TASK BRIEF:
In the records below, find the line that contains "Elemento dibujado a" and the line that contains "Eccentric Ergometer Training"; write out exactly those two lines and everything between them, without the pictures.

EXTRACTED INFORMATION:
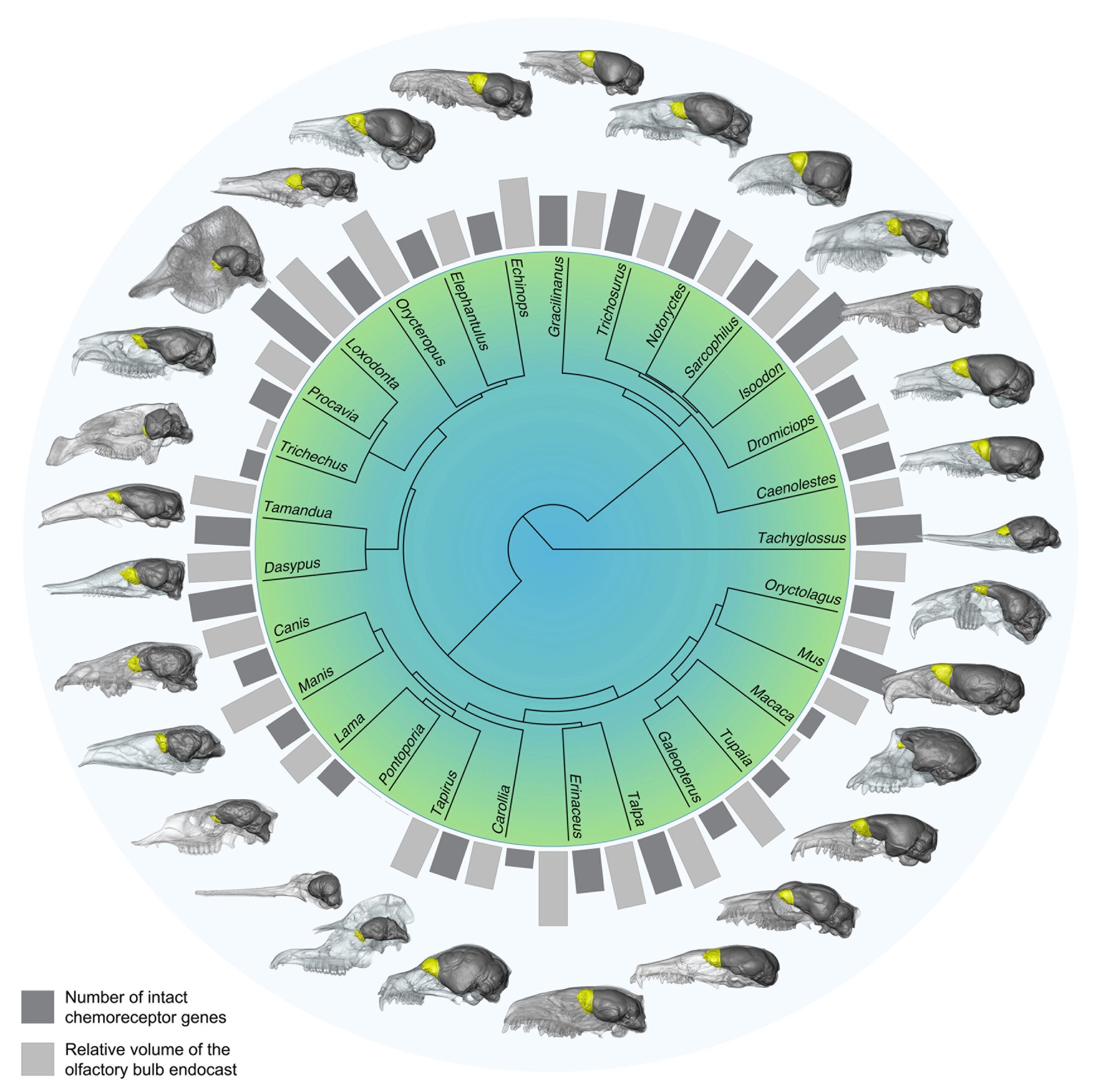 Genomic and morphological olfactory disparity across all mammalian orders. Sagittal views of the skull and segmented brain endocasts are shown for the 29 orders of mammals.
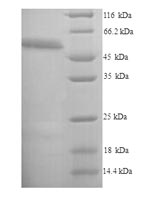 Mouse Ripk3 protein
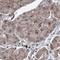 G-Patch Domain Containing 11 antibody, HPA038231, Atlas Antibodies, Immunohistochemistry frozen image 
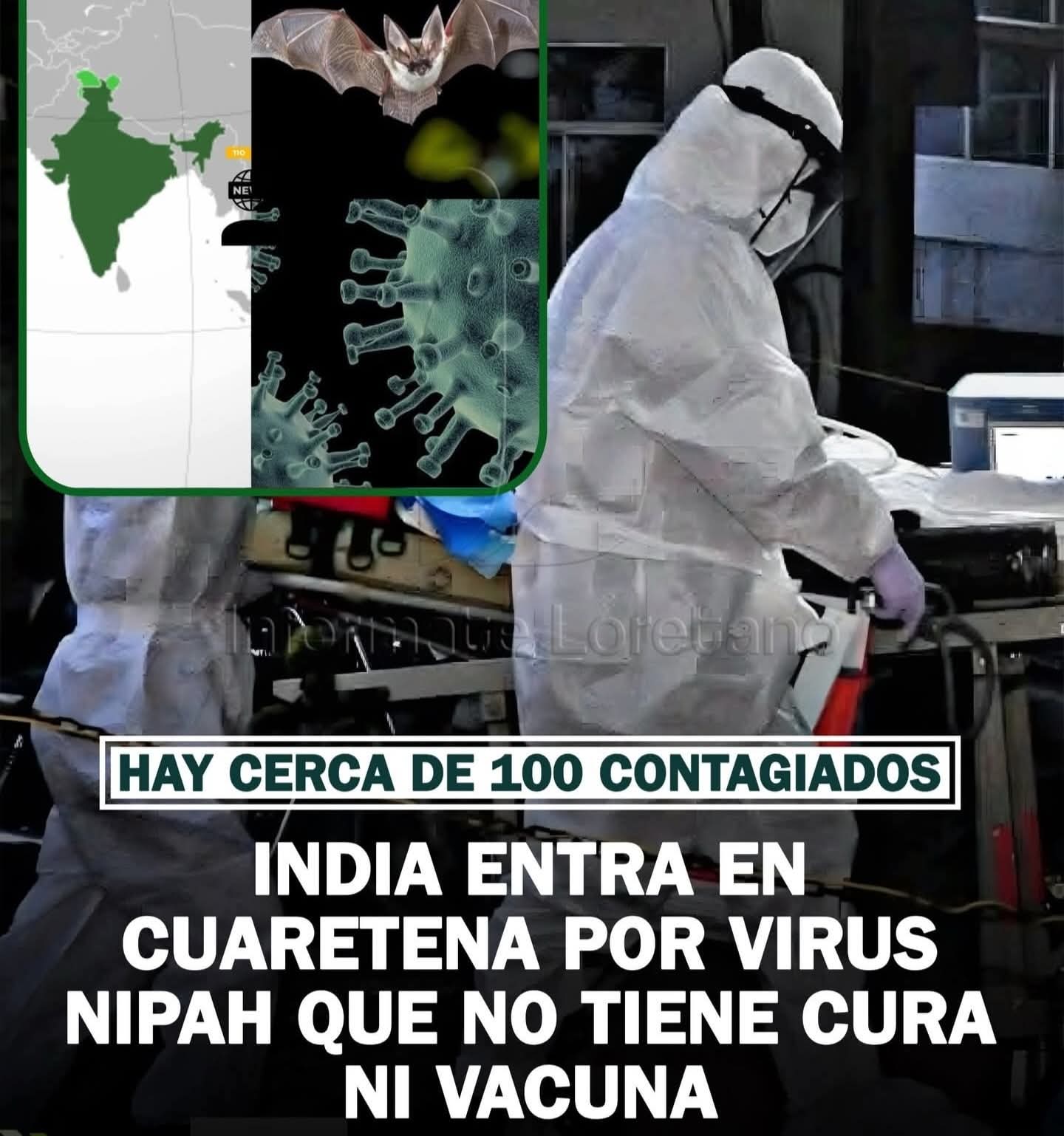 APARECE VIRUS LETAL NIPAH EN LA INDIA QUE NO TIENE CURA MÁS DE 100 INFECTADOS EN CUARENTENA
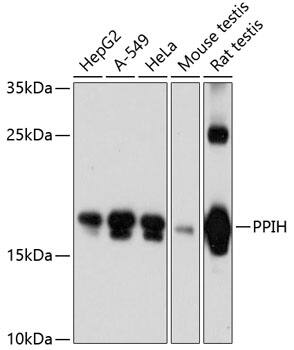 PPIH Antibody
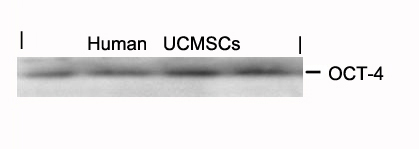 Polyclonal Antibody to OCT4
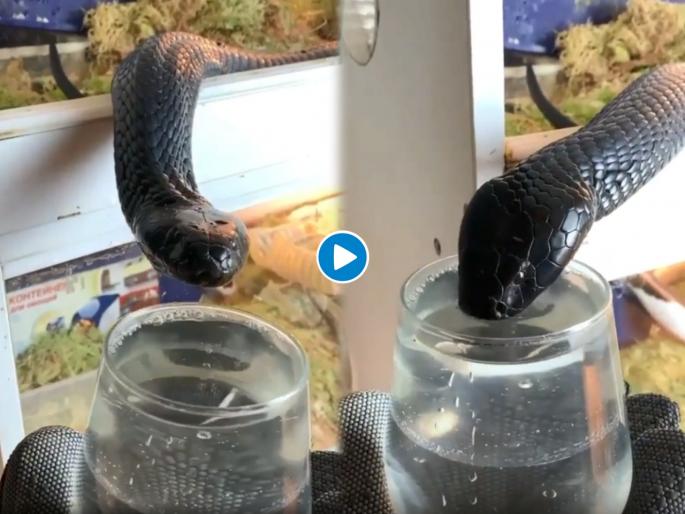 Viral video of cobra seen drinking water from glass | VIRAL : ग्लासमधून पाणी पित होता ब्लॅक कोब्रा, व्हिडीओ पाहून हैराण झाले लोक Viral video of cobra seen drinking water from glass | VIRAL : ग्लासमधून पाणी पित होता ब्लॅक कोब्रा, व्हिडीओ पाहून हैराण झाले लोक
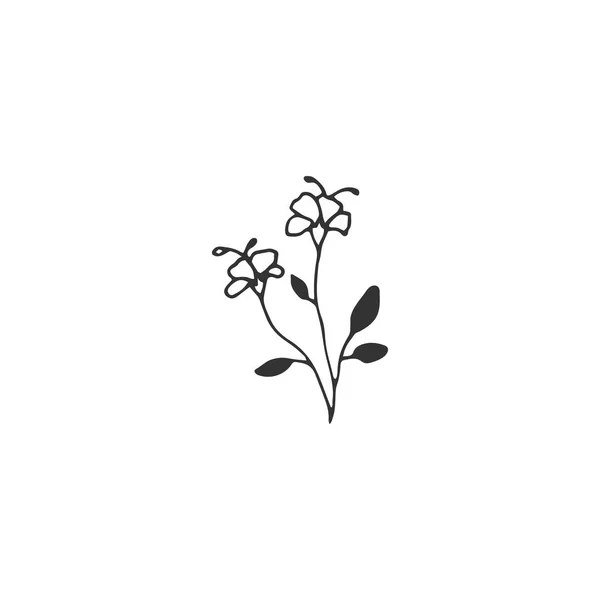 Elemento dibujado a mano floral vectorial en estilo elegante y minimalista . — Archivo Imágenes Vectoriales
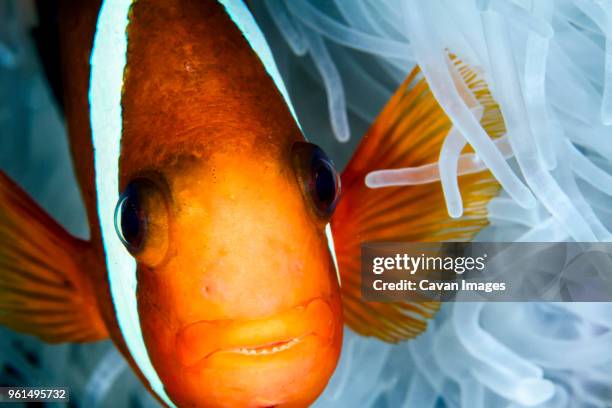 close-up of red and black anemonefish (amphiprion melanopus) by magnificent sea anemone - anémona magnífica fotografías e imágenes de stock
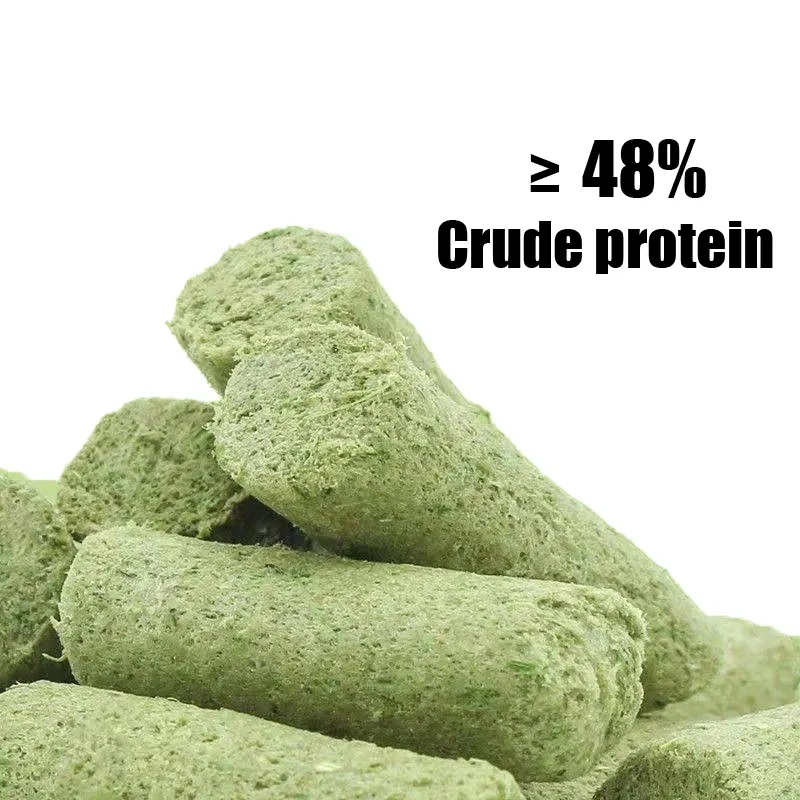 Freeze-Dried Pet Food Premium Organic Cat Snacks High Protein Catgrass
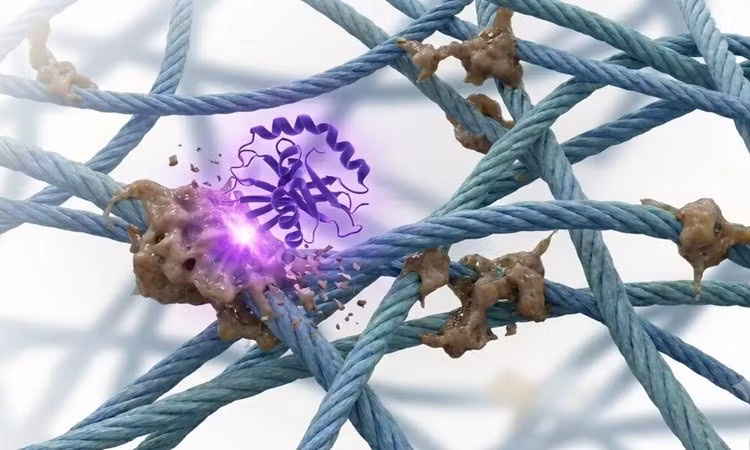 Mô phỏng enzyme CMLase phá vỡ hợp chất gây lão hóa (màu nâu) bám vào protein. Ảnh: Revel Pharmaceuticals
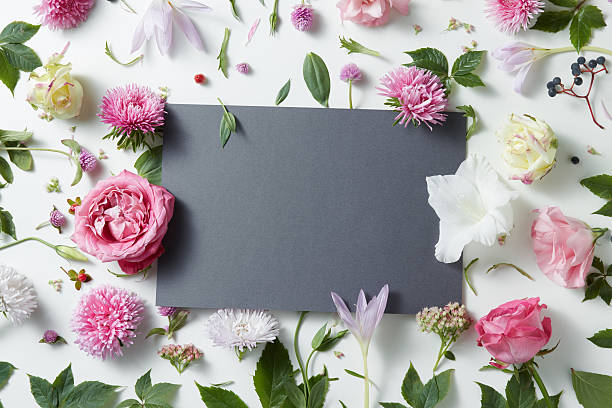 hermosas flores rosas y blancas con cuaderno vacío - flower single flower spa white fotografías e imágenes de stock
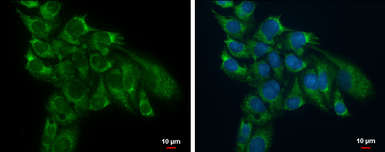 Anti-TSFM antibody used in Immunocytochemistry/ Immunofluorescence (ICC/IF). GTX102238
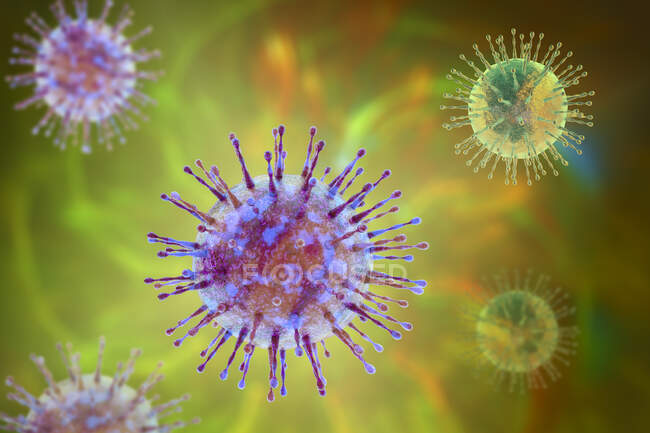 Group of viruses, computer illustration — Stock Photo
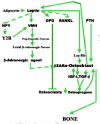 Figure 10. The overall restraining of bone growth from the brain by leptin and neuropeptide Y (NPY) via local, hypothalamic nuclei-dependent β-adrenergic agents and the direct positive, brain-independent control of bone growth by leptin and its receptors.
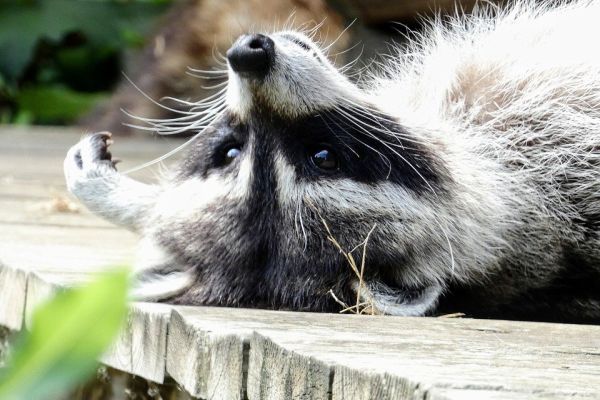 Staupevirus breitet sich im Dortmunder Nordosten aus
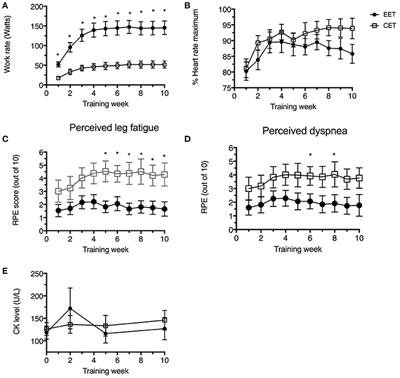 Eccentric Ergometer Training Promotes Locomotor Muscle Strength but Not Mitochondrial Adaptation in Patients with Severe Chronic Obstructive Pulmonary Disease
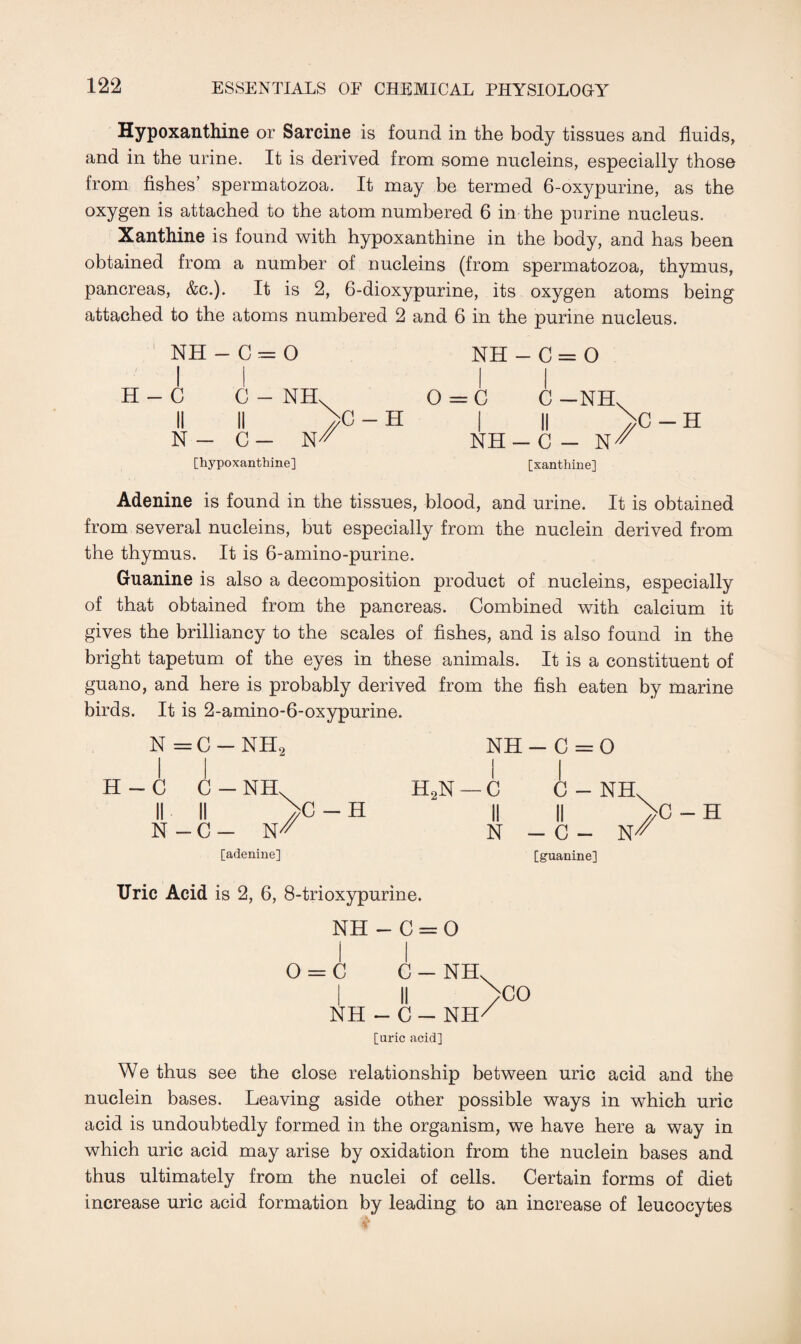 Hypoxanthine or Sarcine is found in the body tissues and fluids, and in the urine. It is derived from some nucleins, especially those from fishes’ spermatozoa. It may be termed 6-oxypurine, as the oxygen is attached to the atom numbered 6 in the purine nucleus. Xanthine is found with hypoxanthine in the body, and has been obtained from a number of nucleins (from spermatozoa, thymus, pancreas, &c.). It is 2, 6-dioxypurine, its oxygen atoms being attached to the atoms numbered 2 and 6 in the purine nucleus. NH - C = O H - C C - NIL II II >C N - C [hypoxanthine] - H NH - C = O 0 = C C —NH. I II >C NH - C - N^ [xanthine] -H Adenine is found in the tissues, blood, and urine. It is obtained from several nucleins, but especially from the nuclein derived from the thymus. It is 6-amino-purine. Guanine is also a decomposition product of nucleins, especially of that obtained from the pancreas. Combined with calcium it gives the brilliancy to the scales of fishes, and is also found in the bright tapetum of the eyes in these animals. It is a constituent of guano, and here is probably derived from the fish eaten by marine birds. It is 2-amino-6-oxypurine. N = C - NH, I I H - C C - NH. II II >C - H N - C - W' [adenine] [guanine] Uric Acid is 2, 6, 8-trioxypurine. NH - C = O O = C C - NH. I II >C0 NH - C - NH-7 [uric acid] We thus see the close relationship between uric acid and the nuclein bases. Leaving aside other possible ways in which uric acid is undoubtedly formed in the organism, we have here a way in which uric acid may arise by oxidation from the nuclein bases and thus ultimately from the nuclei of cells. Certain forms of diet increase uric acid formation by leading to an increase of leucocytes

YOUR SOLUTION:
 Elemento dibujado a mano floral vectorial en estilo elegante y minimalista . — Archivo Imágenes Vectoriales
 close-up of red and black anemonefish (amphiprion melanopus) by magnificent sea anemone - anémona magnífica fotografías e imágenes de stock
 Freeze-Dried Pet Food Premium Organic Cat Snacks High Protein Catgrass
 Mô phỏng enzyme CMLase phá vỡ hợp chất gây lão hóa (màu nâu) bám vào protein. Ảnh: Revel Pharmaceuticals
 hermosas flores rosas y blancas con cuaderno vacío - flower single flower spa white fotografías e imágenes de stock
 Anti-TSFM antibody used in Immunocytochemistry/ Immunofluorescence (ICC/IF). GTX102238
 Group of viruses, computer illustration — Stock Photo
 Figure 10. The overall restraining of bone growth from the brain by leptin and neuropeptide Y (NPY) via local, hypothalamic nuclei-dependent β-adrenergic agents and the direct positive, brain-independent control of bone growth by leptin and its receptors.
 Staupevirus breitet sich im Dortmunder Nordosten aus
 Eccentric Ergometer Training Promotes Locomotor Muscle Strength but Not Mitochondrial Adaptation in Patients with Severe Chronic Obstructive Pulmonary Disease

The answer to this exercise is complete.